The FCC today unanimously adopted an order on reconsideration revising and clarifying rules to promote wireless microphone operations while proposing to permit professional theater, music, and other venues to get licensed access for wireless mics if certain requirements are met. The order in GN dockets 14-166 and 12-268 and ET docket 14-165 addresses five petitions for reconsideration asking the FCC to revisit decisions it made in two related orders that were adopted in 2015 (TR Daily, Aug. 6 and 11, 2015).
The order revises and clarifies “its rules to promote more effective spectrum access for wireless microphone operations in the TV bands, the repurposed 600 MHz band, and other frequency bands,” a news release noted. “Today’s Order provides revisions and clarifications to certain technical and operational rules (e.g., spurious emissions rules, measurement of emission limits, coordination rules, access to spectrum in certain bands) that promote spectrum access.
“The Further Notice proposes permitting professional theater, music, performing arts, and similar organizations, to obtain licensed access to operate wireless microphones at smaller venues, provided certain requirements (e.g., demonstrated need and requisite professional abilities) are met,” the news release added.
“From the time that the Commission commenced the broadcast incentive auction proceeding, we knew that the wireless mics operating in the TV band were going to present quite a challenge,” Commissioner Mike O’Rielly said. “Post auction, full-power broadcasters would be repacked and all other users of the band would have to do more with less. This led the Commission to initiate a series of inquiries on how we could accommodate the need for wireless mics, including opening up new spectrum bands.
“The Commission also decided that entities using 50 or more mics could obtain licenses and register for interference protection from other unlicensed users. In doing so, it tried to strike a balance between protecting the operations of professional sound companies or venues that have a need for a large number of mics and high-quality sound, and ensuring that spectrum is shared effectively with other licensed mic users and unlicensed use, such as TV white space devices,” he added. “Admittedly, the selection of 50 microphones as a proxy for those users who were likely to require interference protection and high-quality sound never really appeared to be supported by any data. Fifty seemed to be picked because it was reasonable that most large professional events, such as Broadway shows, concerts at the Verizon Center, and the largest sporting events, would need a lot of mics. This is not exactly the best way to make policy. Because this number was not based on solid data, I generally support reopening this issue.”

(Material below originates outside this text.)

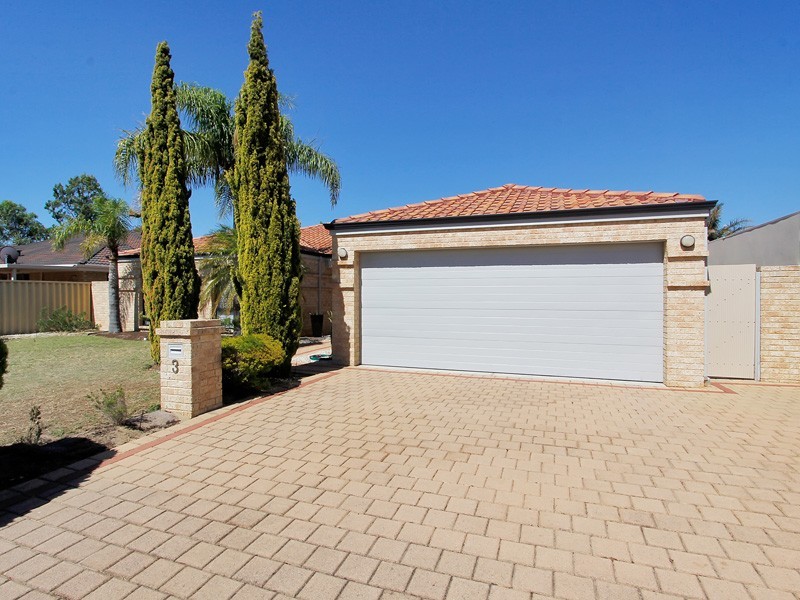 3 Houghton Drive, Carramar WA 6031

The Commissioner added, “I do wonder, however, about the possible direction we are headed in the further notice. It proposes that we should replace the objective number-based metric, with a rule that would permit, on a case-by-case basis, certain theater, music, performing arts organizations, and possibly others to obtain a license if they demonstrate a professional need for high-quality mics. I have stated repeatedly that I am not necessarily a fan of case-by-case determinations, because they can leave important decisions to the whims of the Commission or staffer reviewing the request at the time.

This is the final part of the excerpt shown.